Within the last year we recently switched from a Red top to a Pink top for our blood bank specimens, with some resistance from the older techs. Recently some of our techs have been having problems with the Pink tops. They say that there is some "grainy-ness" in the front types. An older tech actually went up and drew a Red top on a patient to do his testing. They are saying they would rather go back to the clot tubes, which I REALLY do not want to. Has anyone else had any problems with using the Pink top EDTA for BB testing?
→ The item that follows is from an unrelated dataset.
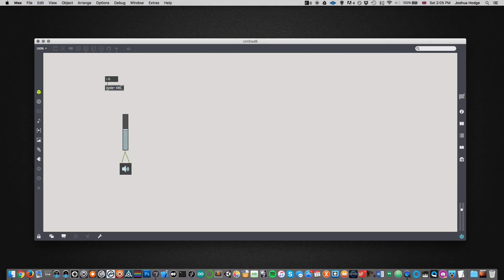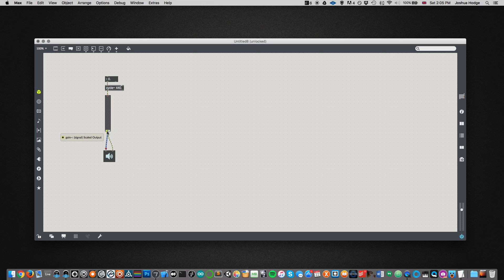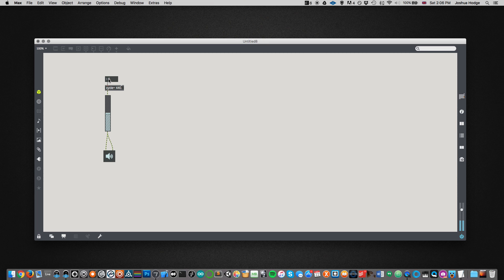I'm just going to turn the volume down so we don't blow out our ears, and then connect the oscillator to the gain, and then take the node from the left-hand side of the gain slider and connect it to the left and right outputs of our speakers. So if we turn this up we should hear — and now we're hearing a sine wave at 440 Hz. If I change this number you can hear the frequency change. I've just put it back at 440 Hz again. That's cool.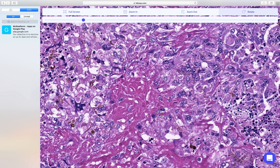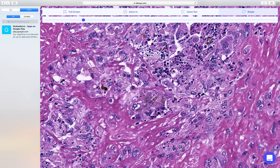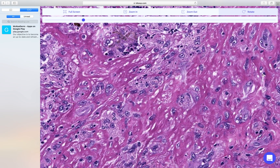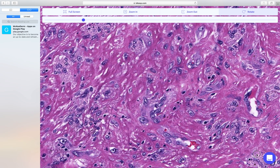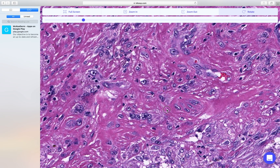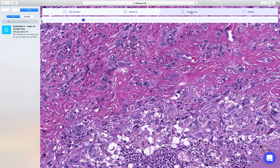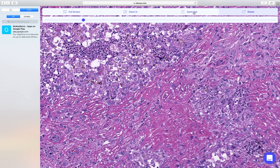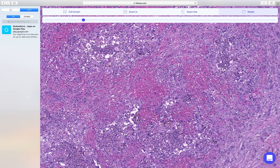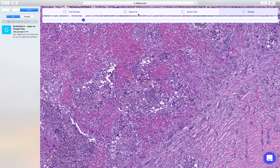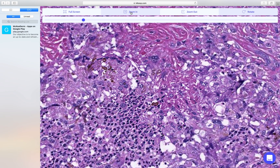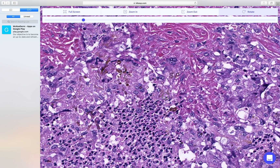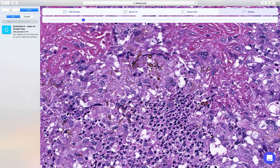Moving around the slide to see what else we can pick up, there are more organisms there. I'll reduce the magnification a little because I know there are areas where there are just numerous hyphae. And — wow — there they are: heavily pigmented hyphae and yeast forms. This is pretty much diagnostic of pheohyphomycosis.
If you are using automation then you need to stick to EDTA samples, too many problems otherwise. We have used EDTA samples for Years++++ and no problems- in fact I would say that manual grouping is much easier- no squishing around a clot trying remove some cells to group...and sometimes when you took the cap off, a great big "slug" of a clot would slide across your finger...URRRGGG!!!!!

Hello - You mentioned you might not be spinning your tubes "fast enough or long enough". What rmp's are you using and how long are you spinning?

That sounds like a centrifuge calibration issue... Technical Manual has the procedure... quite a dreadful procedure but it will clear up any question you may have with spin time etc..

David, I hardly think Malcolm and I would consider ourselves babes (no comments from you Rashmi), we have both seen each other in person many times, 'spring chickens' maybe!!!!

Steve

:giggle:

I think "venerable" describes us quite nicely........

Since EDTA chelates calcium ions, and calcium ions are needed for the complement cascade and membrane attack complex to progress to hemolysis, should we discontinue using hemolysis as an endpoint when using EDTA anticoagulated blood for tube testing? (Our old (clot tube) SOP's say, observe for hemolysis and/or agglutination, but they also say "serum" not "plasma".)